L’antigerminatif historique des producteurs de pommes de terre, le CIPC, sera bientôt interdit. Les alternatives existent mais compliquent la conservation des lots, pourtant essentielle.

L'interdiction du CIPC génère une hausse substantielle des coûts de production. © M. Martin, Arvalis
L'interdiction du CIPC génère une hausse substantielle des coûts de production.
© M. Martin, Arvalis

Couramment utilisé pour la conservation de pommes de terre de consommation, le chlorprophame, ou CIPC, voit ses jours comptés. Le produit n’aura plus d’autorisation de mise en marché (AMM) au 8 janvier 2020. Seul un délai permettra son utilisation sur la fin de campagne, vraisemblablement jusqu’au 31 juillet 2020, date demandée par la filière française. Cet antigerminatif est suspecté être cancérogène pour l’homme et il a été classé comme tel par la réglementation européenne.

Dans un proche avenir, il faudra faire sans. « Il existe des produits de substitution », rassure Michel Martin, ingénieur responsable des équipements et de la conservation des pommes de terre chez Arvalis.

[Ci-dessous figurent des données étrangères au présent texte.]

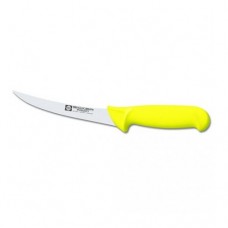 Нож обвалочный Eicker 27.511 L13cm гибкое лезвие желтая ручка
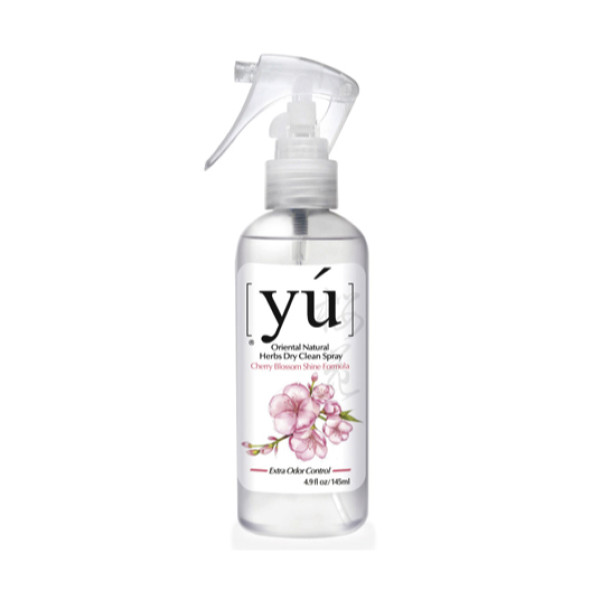 YU Oriental Natural Herbs For Pets Dry Clean Spray Cherry Blossom Formula 櫻花亮瑩 乾洗潔淨噴霧 145ml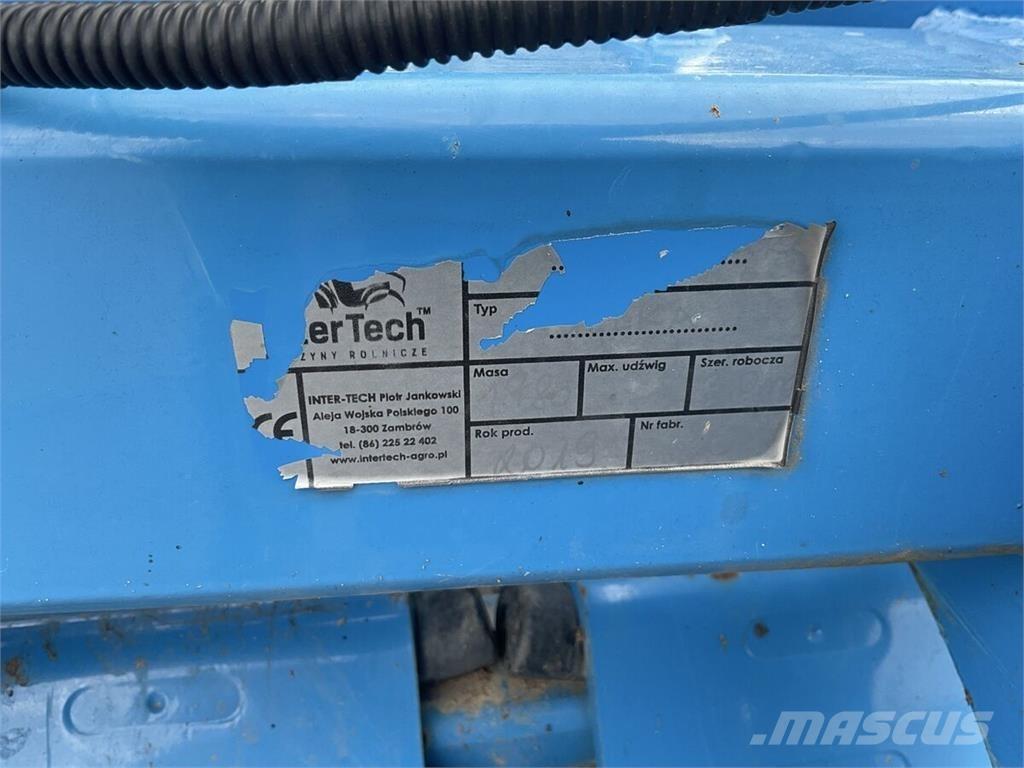 Inter-Tech 3m Gradas de discos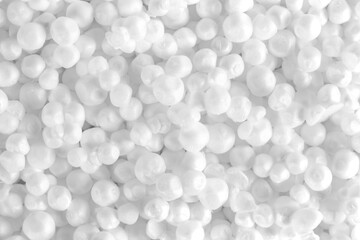 Styrofoam texture, styrofoam as background.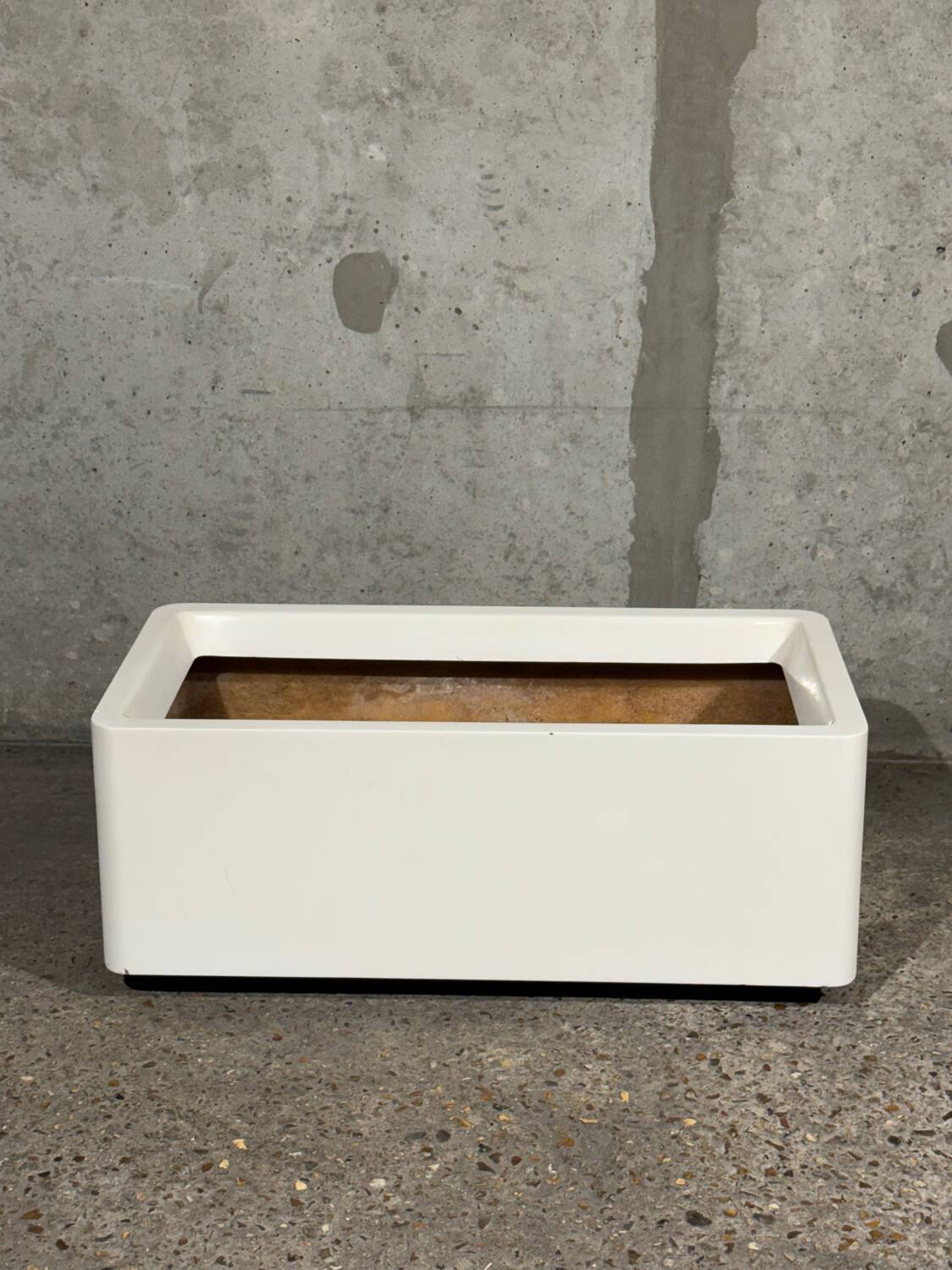 Planter Claude Orève – fibreglass, France, 1970s–80s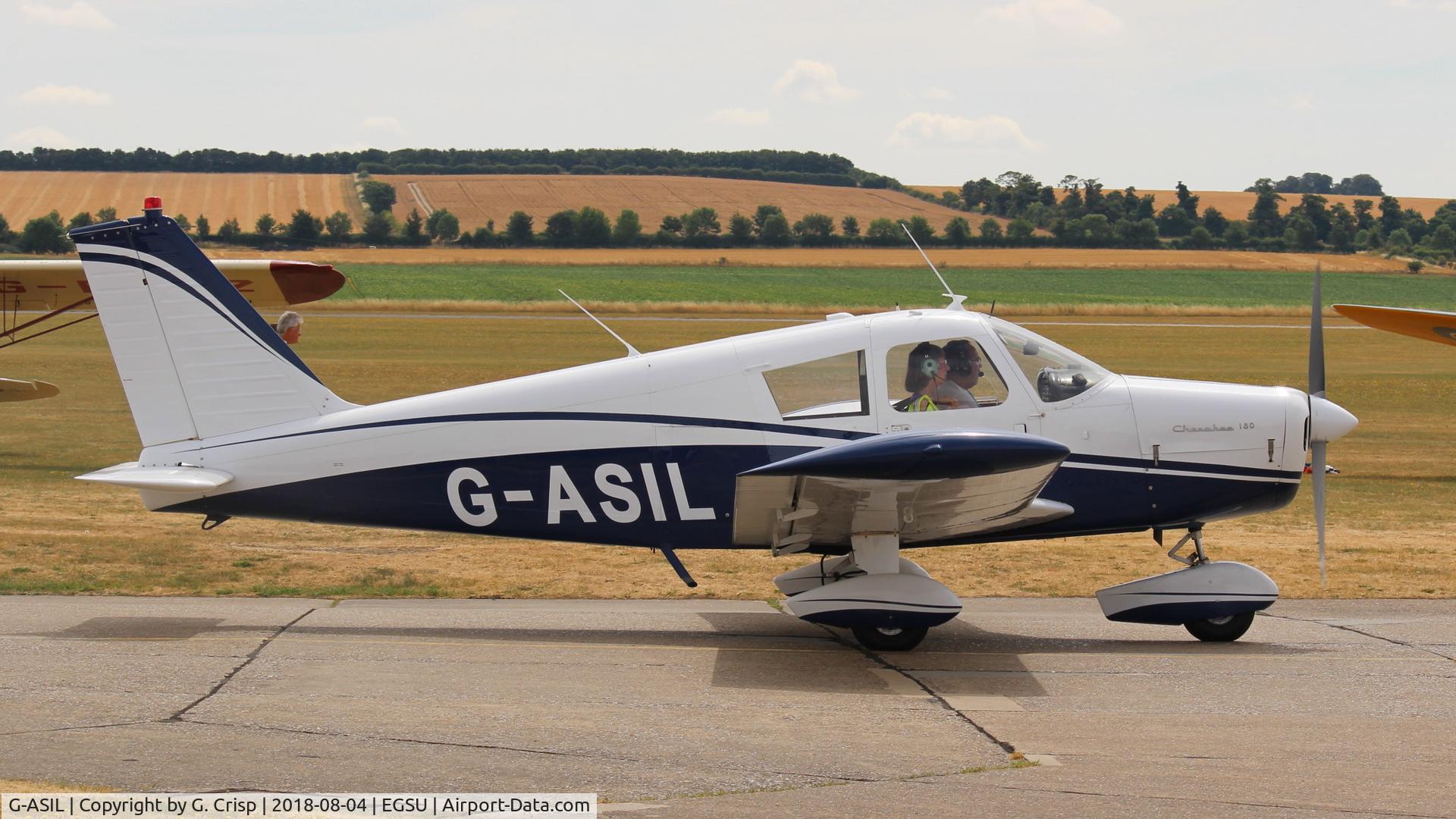 G-ASIL, 1963 Piper PA-28-180 Cherokee C/N 28-1350, IWM Duxford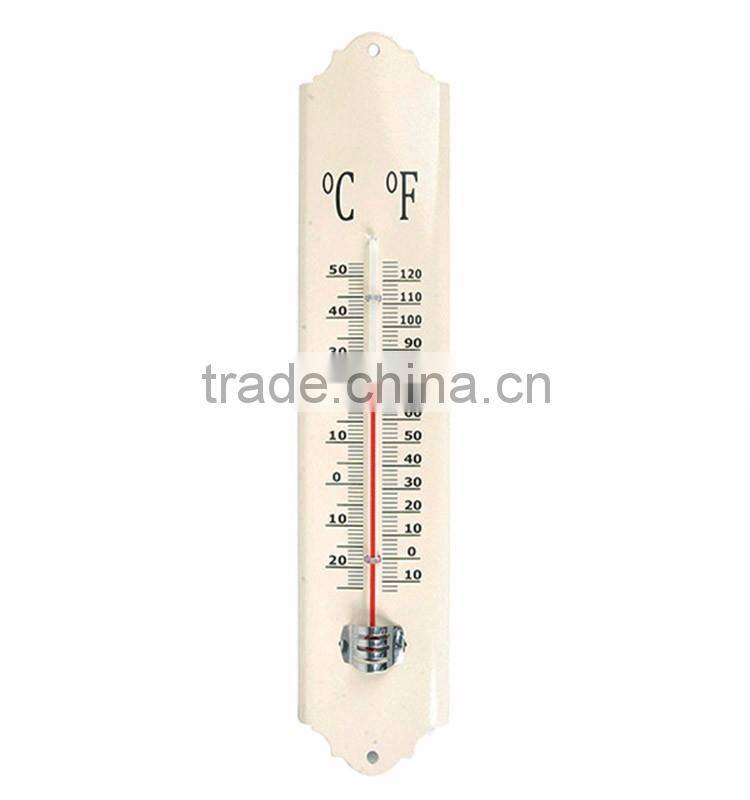 Esschert Design outdoor garden metal thermometer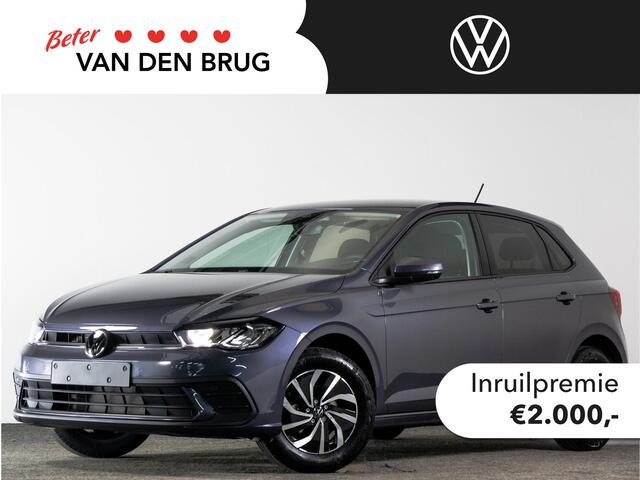 Volkswagen POLO 1.0 TSI 95 PK Life Edition | Achteruitrijcamera | Navigatie | Travel Assist |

Quatre autres antigerminatifs dotés de mode d’actions différents sont homologués : l’éthylène, l’huile de menthe, le 1.4 DMN et l’hydrazide maléique. « Avec les quatre, on peut composer pour assurer une bonne efficacité », précise l’ingénieur. Le hic, c’est qu’aucun ne présente seul l’efficacité et la simplicité d’utilisation du CIPC et qu’ils sont systématiquement plus chers. « C’est un changement de paradigme. Ces solutions ont toutes leurs contraintes, avec généralement moins de souplesse et de rémanence que le CIPC », complète François-Xavier Broutin, chargé de mission à l’UNPT (1). L’usage de tel ou tel produit dépend par exemple du débouché, de la variété, du type de stockage.

L'éthylène, un produit à haute technicité

L’éthylène est une hormone végétale qui freine l’apparition des germes puis leur vitesse d’élongation. Elle est distribuée dans le bâtiment sous forme gazeuse, à l’aide d’un appareil spécifique. L’efficacité du produit varie selon la variété et la température du stockage. S’ils apparaissent, les germes sont petits et faiblement adhérents aux tubercules. Ils sont éliminés facilement à la moindre reprise.

L’utilisation du produit est assez technique : la montée en concentration doit être lente et progressive, pour se stabiliser à la concentration homologuée (10 ml/t) durant toute la durée du stockage. Pour éviter une élévation de la teneur en CO2, le bâtiment doit être aéré régulièrement. Ce procédé est déconseillé pour les débouchés "frites", vu les accroissements de taux de sucre et de risque acrylamide qu’il induit, potentiellement cancérogène.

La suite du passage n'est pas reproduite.